──────── Records shown

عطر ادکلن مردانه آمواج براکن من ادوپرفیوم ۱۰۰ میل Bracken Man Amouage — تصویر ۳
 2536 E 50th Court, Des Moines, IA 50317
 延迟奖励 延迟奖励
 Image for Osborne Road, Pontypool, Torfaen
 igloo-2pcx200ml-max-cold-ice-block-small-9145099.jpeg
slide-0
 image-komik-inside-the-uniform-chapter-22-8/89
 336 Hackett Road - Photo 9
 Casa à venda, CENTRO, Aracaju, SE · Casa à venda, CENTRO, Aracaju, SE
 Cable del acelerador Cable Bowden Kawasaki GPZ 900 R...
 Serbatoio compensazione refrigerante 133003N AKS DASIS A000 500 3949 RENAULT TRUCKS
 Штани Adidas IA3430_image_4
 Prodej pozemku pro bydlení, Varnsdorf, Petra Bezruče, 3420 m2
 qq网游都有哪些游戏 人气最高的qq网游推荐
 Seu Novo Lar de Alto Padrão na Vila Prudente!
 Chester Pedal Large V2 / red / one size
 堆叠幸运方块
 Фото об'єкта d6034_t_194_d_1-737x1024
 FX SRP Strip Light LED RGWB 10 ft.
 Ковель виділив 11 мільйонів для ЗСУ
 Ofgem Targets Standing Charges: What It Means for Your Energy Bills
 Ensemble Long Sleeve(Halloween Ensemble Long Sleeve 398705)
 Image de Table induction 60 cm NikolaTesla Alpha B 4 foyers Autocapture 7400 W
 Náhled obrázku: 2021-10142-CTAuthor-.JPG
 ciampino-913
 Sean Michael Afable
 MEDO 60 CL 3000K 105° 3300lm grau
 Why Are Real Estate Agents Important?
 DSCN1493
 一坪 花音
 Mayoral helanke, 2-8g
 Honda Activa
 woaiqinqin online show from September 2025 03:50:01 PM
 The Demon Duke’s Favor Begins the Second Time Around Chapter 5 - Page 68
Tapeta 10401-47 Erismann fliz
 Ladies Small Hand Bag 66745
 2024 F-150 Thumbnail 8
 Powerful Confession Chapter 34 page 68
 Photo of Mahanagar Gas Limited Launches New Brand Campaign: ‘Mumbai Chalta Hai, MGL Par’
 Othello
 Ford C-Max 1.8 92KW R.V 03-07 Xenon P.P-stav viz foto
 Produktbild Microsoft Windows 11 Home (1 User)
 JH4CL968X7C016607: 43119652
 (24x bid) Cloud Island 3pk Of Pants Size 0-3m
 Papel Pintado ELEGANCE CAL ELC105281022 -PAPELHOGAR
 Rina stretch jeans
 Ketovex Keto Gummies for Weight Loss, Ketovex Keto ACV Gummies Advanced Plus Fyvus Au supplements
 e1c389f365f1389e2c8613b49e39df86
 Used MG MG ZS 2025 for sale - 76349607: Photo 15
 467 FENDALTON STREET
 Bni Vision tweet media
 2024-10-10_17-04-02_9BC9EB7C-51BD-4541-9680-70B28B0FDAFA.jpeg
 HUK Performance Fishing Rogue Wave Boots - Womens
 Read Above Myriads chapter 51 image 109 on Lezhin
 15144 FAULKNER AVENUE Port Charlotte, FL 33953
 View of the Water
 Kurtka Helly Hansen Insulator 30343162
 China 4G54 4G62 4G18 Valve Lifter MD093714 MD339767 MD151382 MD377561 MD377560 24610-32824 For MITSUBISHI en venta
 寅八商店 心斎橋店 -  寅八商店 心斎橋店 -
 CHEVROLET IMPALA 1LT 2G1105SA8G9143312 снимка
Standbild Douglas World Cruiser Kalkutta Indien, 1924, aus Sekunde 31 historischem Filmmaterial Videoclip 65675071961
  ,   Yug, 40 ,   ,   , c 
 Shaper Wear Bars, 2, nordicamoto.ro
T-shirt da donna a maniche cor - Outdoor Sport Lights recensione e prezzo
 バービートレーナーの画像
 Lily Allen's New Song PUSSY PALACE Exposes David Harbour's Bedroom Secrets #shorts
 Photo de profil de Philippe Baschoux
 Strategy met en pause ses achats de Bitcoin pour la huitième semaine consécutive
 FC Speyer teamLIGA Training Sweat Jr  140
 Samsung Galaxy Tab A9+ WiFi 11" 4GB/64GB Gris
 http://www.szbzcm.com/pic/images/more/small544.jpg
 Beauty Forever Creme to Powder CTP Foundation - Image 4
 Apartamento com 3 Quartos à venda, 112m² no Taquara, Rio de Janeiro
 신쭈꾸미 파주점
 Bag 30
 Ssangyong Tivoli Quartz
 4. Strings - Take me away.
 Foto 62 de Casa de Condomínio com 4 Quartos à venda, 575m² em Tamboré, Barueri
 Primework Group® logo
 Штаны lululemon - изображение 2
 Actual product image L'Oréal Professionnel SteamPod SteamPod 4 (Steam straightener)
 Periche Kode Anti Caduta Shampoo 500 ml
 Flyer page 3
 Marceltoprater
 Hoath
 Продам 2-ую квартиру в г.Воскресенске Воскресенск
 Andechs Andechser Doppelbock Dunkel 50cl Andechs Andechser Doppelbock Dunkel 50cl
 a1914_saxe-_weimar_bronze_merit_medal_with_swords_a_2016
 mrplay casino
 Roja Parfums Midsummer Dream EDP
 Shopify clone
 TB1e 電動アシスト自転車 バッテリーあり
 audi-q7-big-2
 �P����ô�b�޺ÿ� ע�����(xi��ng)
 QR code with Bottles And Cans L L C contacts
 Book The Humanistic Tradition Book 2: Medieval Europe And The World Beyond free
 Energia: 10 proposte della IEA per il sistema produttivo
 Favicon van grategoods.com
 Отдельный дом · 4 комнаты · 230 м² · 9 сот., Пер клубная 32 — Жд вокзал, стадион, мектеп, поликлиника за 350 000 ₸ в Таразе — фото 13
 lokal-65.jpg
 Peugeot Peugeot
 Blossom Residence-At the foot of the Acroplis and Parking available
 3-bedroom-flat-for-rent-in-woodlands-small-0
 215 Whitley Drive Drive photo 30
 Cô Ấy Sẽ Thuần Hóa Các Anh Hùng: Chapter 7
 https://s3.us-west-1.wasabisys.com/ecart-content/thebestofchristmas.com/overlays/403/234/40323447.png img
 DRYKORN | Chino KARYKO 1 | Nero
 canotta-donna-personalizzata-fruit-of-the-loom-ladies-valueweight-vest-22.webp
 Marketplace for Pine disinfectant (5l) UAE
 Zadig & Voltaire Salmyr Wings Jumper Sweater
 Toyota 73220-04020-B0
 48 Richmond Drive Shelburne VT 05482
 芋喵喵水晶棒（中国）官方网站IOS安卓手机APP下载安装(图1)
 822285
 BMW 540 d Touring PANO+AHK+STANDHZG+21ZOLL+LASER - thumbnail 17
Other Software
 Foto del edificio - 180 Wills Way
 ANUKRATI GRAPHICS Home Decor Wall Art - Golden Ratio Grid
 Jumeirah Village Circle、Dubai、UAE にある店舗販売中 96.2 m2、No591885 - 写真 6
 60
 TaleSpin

────────────────

• Description of the task:
Return the records in full, exactly as they read.

• Answer to the exercise:
عطر ادکلن مردانه آمواج براکن من ادوپرفیوم ۱۰۰ میل Bracken Man Amouage — تصویر ۳
 2536 E 50th Court, Des Moines, IA 50317
 延迟奖励 延迟奖励
 Image for Osborne Road, Pontypool, Torfaen
 igloo-2pcx200ml-max-cold-ice-block-small-9145099.jpeg
slide-0
 image-komik-inside-the-uniform-chapter-22-8/89
 336 Hackett Road - Photo 9
 Casa à venda, CENTRO, Aracaju, SE · Casa à venda, CENTRO, Aracaju, SE
 Cable del acelerador Cable Bowden Kawasaki GPZ 900 R...
 Serbatoio compensazione refrigerante 133003N AKS DASIS A000 500 3949 RENAULT TRUCKS
 Штани Adidas IA3430_image_4
 Prodej pozemku pro bydlení, Varnsdorf, Petra Bezruče, 3420 m2
 qq网游都有哪些游戏 人气最高的qq网游推荐
 Seu Novo Lar de Alto Padrão na Vila Prudente!
 Chester Pedal Large V2 / red / one size
 堆叠幸运方块
 Фото об'єкта d6034_t_194_d_1-737x1024
 FX SRP Strip Light LED RGWB 10 ft.
 Ковель виділив 11 мільйонів для ЗСУ
 Ofgem Targets Standing Charges: What It Means for Your Energy Bills
 Ensemble Long Sleeve(Halloween Ensemble Long Sleeve 398705)
 Image de Table induction 60 cm NikolaTesla Alpha B 4 foyers Autocapture 7400 W
 Náhled obrázku: 2021-10142-CTAuthor-.JPG
 ciampino-913
 Sean Michael Afable
 MEDO 60 CL 3000K 105° 3300lm grau
 Why Are Real Estate Agents Important?
 DSCN1493
 一坪 花音
 Mayoral helanke, 2-8g
 Honda Activa
 woaiqinqin online show from September 2025 03:50:01 PM
 The Demon Duke’s Favor Begins the Second Time Around Chapter 5 - Page 68
Tapeta 10401-47 Erismann fliz
 Ladies Small Hand Bag 66745
 2024 F-150 Thumbnail 8
 Powerful Confession Chapter 34 page 68
 Photo of Mahanagar Gas Limited Launches New Brand Campaign: ‘Mumbai Chalta Hai, MGL Par’
 Othello
 Ford C-Max 1.8 92KW R.V 03-07 Xenon P.P-stav viz foto
 Produktbild Microsoft Windows 11 Home (1 User)
 JH4CL968X7C016607: 43119652
 (24x bid) Cloud Island 3pk Of Pants Size 0-3m
 Papel Pintado ELEGANCE CAL ELC105281022 -PAPELHOGAR
 Rina stretch jeans
 Ketovex Keto Gummies for Weight Loss, Ketovex Keto ACV Gummies Advanced Plus Fyvus Au supplements
 e1c389f365f1389e2c8613b49e39df86
 Used MG MG ZS 2025 for sale - 76349607: Photo 15
 467 FENDALTON STREET
 Bni Vision tweet media
 2024-10-10_17-04-02_9BC9EB7C-51BD-4541-9680-70B28B0FDAFA.jpeg
 HUK Performance Fishing Rogue Wave Boots - Womens
 Read Above Myriads chapter 51 image 109 on Lezhin
 15144 FAULKNER AVENUE Port Charlotte, FL 33953
 View of the Water
 Kurtka Helly Hansen Insulator 30343162
 China 4G54 4G62 4G18 Valve Lifter MD093714 MD339767 MD151382 MD377561 MD377560 24610-32824 For MITSUBISHI en venta
 寅八商店 心斎橋店 -  寅八商店 心斎橋店 -
 CHEVROLET IMPALA 1LT 2G1105SA8G9143312 снимка
Standbild Douglas World Cruiser Kalkutta Indien, 1924, aus Sekunde 31 historischem Filmmaterial Videoclip 65675071961
  ,   Yug, 40 ,   ,   , c 
 Shaper Wear Bars, 2, nordicamoto.ro
T-shirt da donna a maniche cor - Outdoor Sport Lights recensione e prezzo
 バービートレーナーの画像
 Lily Allen's New Song PUSSY PALACE Exposes David Harbour's Bedroom Secrets #shorts
 Photo de profil de Philippe Baschoux
 Strategy met en pause ses achats de Bitcoin pour la huitième semaine consécutive
 FC Speyer teamLIGA Training Sweat Jr  140
 Samsung Galaxy Tab A9+ WiFi 11" 4GB/64GB Gris
 http://www.szbzcm.com/pic/images/more/small544.jpg
 Beauty Forever Creme to Powder CTP Foundation - Image 4
 Apartamento com 3 Quartos à venda, 112m² no Taquara, Rio de Janeiro
 신쭈꾸미 파주점
 Bag 30
 Ssangyong Tivoli Quartz
 4. Strings - Take me away.
 Foto 62 de Casa de Condomínio com 4 Quartos à venda, 575m² em Tamboré, Barueri
 Primework Group® logo
 Штаны lululemon - изображение 2
 Actual product image L'Oréal Professionnel SteamPod SteamPod 4 (Steam straightener)
 Periche Kode Anti Caduta Shampoo 500 ml
 Flyer page 3
 Marceltoprater
 Hoath
 Продам 2-ую квартиру в г.Воскресенске Воскресенск
 Andechs Andechser Doppelbock Dunkel 50cl Andechs Andechser Doppelbock Dunkel 50cl
 a1914_saxe-_weimar_bronze_merit_medal_with_swords_a_2016
 mrplay casino
 Roja Parfums Midsummer Dream EDP
 Shopify clone
 TB1e 電動アシスト自転車 バッテリーあり
 audi-q7-big-2
 �P����ô�b�޺ÿ� ע�����(xi��ng)
 QR code with Bottles And Cans L L C contacts
 Book The Humanistic Tradition Book 2: Medieval Europe And The World Beyond free
 Energia: 10 proposte della IEA per il sistema produttivo
 Favicon van grategoods.com
 Отдельный дом · 4 комнаты · 230 м² · 9 сот., Пер клубная 32 — Жд вокзал, стадион, мектеп, поликлиника за 350 000 ₸ в Таразе — фото 13
 lokal-65.jpg
 Peugeot Peugeot
 Blossom Residence-At the foot of the Acroplis and Parking available
 3-bedroom-flat-for-rent-in-woodlands-small-0
 215 Whitley Drive Drive photo 30
 Cô Ấy Sẽ Thuần Hóa Các Anh Hùng: Chapter 7
 https://s3.us-west-1.wasabisys.com/ecart-content/thebestofchristmas.com/overlays/403/234/40323447.png img
 DRYKORN | Chino KARYKO 1 | Nero
 canotta-donna-personalizzata-fruit-of-the-loom-ladies-valueweight-vest-22.webp
 Marketplace for Pine disinfectant (5l) UAE
 Zadig & Voltaire Salmyr Wings Jumper Sweater
 Toyota 73220-04020-B0
 48 Richmond Drive Shelburne VT 05482
 芋喵喵水晶棒（中国）官方网站IOS安卓手机APP下载安装(图1)
 822285
 BMW 540 d Touring PANO+AHK+STANDHZG+21ZOLL+LASER - thumbnail 17
Other Software
 Foto del edificio - 180 Wills Way
 ANUKRATI GRAPHICS Home Decor Wall Art - Golden Ratio Grid
 Jumeirah Village Circle、Dubai、UAE にある店舗販売中 96.2 m2、No591885 - 写真 6
 60
 TaleSpin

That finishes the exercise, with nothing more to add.